El hombre lo hizo una docena de veces mientras los otros le observaban de cerca. Cada vez se le veía más cómodo con el manejo.

El químico asintió.

—Muy bien. Lo estás aprendiendo, pero tienes que seguir practicando. Pronto podrás hacerlo sin pensar. Te resultará natural.

El hombre de la silla se frotó la mano ortopédica con el garfio de acero que constituía su otra mano.

—¿Parece real? —inquirió—. Yo no lo sé.

—Alguien que te estreche la mano advertirá que no es real, por la textura y la piel fría, pero por lo demás parecerá muy real.

Al hombre pareció decepcionarle la explicación y dejó de mirarse la mano nueva.

—Nunca volverás a ser el de antes —le recordó el químico—. Pero es mejor que lo que tenías. Si quieres también podemos hacerte la otra mano.

El hombre negó con la cabeza y levantó el garfio.

—Quiero conservar esto. No quiero olvidar lo que me pasó.

—¿Tienes el uniforme? —preguntó el ingeniero.

El hombre asintió mientras se levantaba de la silla sin dejar de abrir y cerrar su mano nueva.

—Ese es otro recuerdo que no necesito.

—¿Qué rango tenías?

—Sargento. —Volvió a flexionar la mano—. ¿Y cuando acabe?

—Nos ocuparemos de ti, tal como estipulamos —respondió el ingeniero.

—Me alegra que por fin alguien se ocupe de mí.

—Estaremos en contacto, como de costumbre.

Se estrecharon la mano.

—Me alegro de poder hacer esto por fin —dijo el ex guardia nacional.

En cuanto se marchó, los dos hombres reanudaron el trabajo. Había otra caja en la mesa marcada en árabe. Uno de ellos la abrió.

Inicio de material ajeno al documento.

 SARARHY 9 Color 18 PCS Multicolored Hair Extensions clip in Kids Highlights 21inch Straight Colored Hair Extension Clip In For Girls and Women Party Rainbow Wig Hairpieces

Contenía una lata de acero inoxidable envuelta en plástico y dentro de esta había una botella llena de líquido. Alzó la botella y la sostuvo al contraluz.

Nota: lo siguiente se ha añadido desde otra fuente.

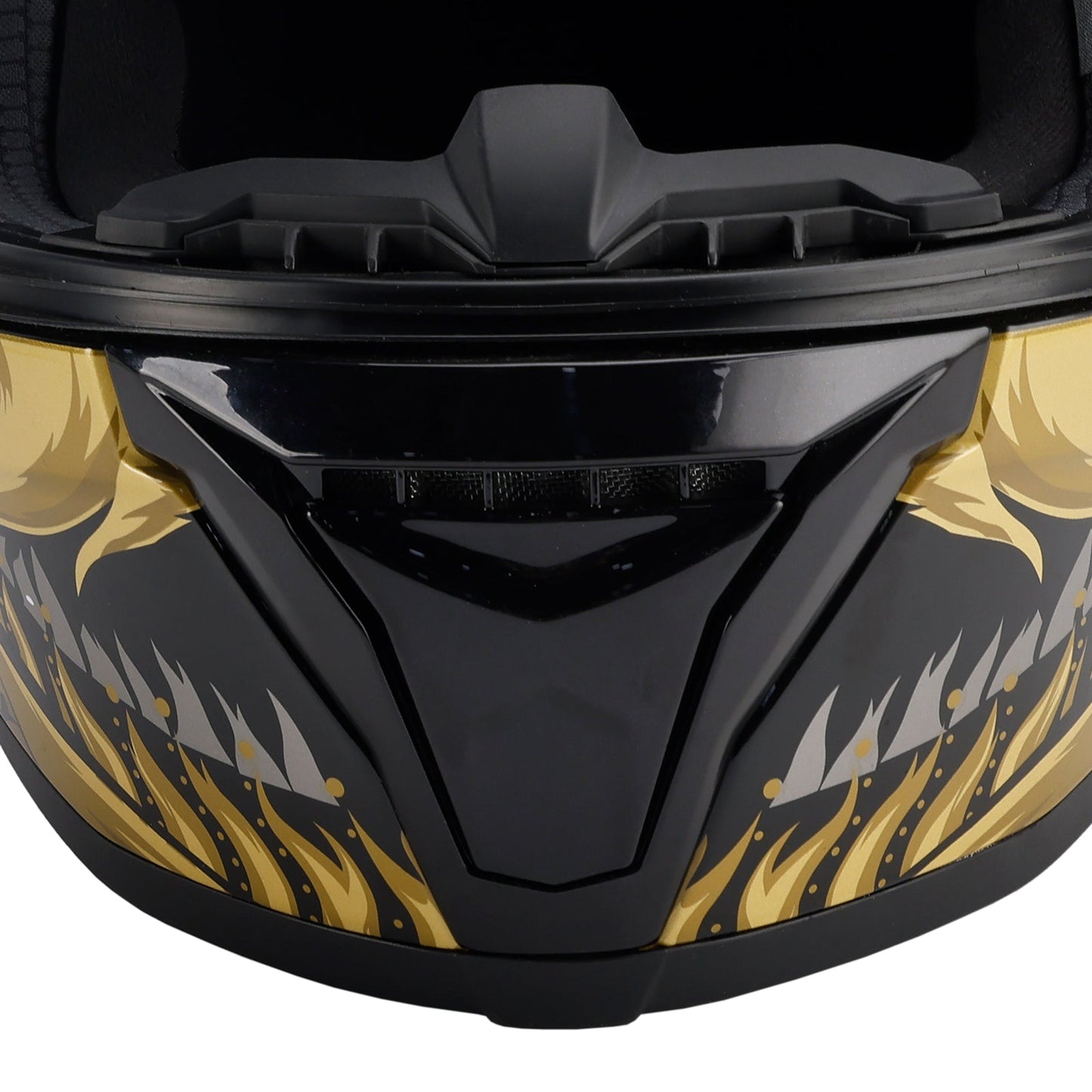 DOT Motorcycle Helmet Adult Street Full Face Black gold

Sabía perfectamente que, según el FBI, las tres sustancias más mortíferas del mundo eran, en orden descendente de letalidad, el plutonio, la toxina del botulismo y la ricina. El líquido del frasco de cristal no era tan letal como esos venenos. Sin embargo, a su manera la sustancia era muy eficaz.

La mano que acababa de implantar al ex guardia nacional tenía una bolsita interna. Cuando se apretaba un diminuto botón de liberación empotrado en la piel y el hueso de la muñeca se flexionaba de determinada forma, la bolsita se abría y el líquido se segregaba por los poros artificiales.

—Está amargado, ese guardia nacional —dijo el químico mientras trabajaban.

—¿No lo estarías tú también? —respondió el otro.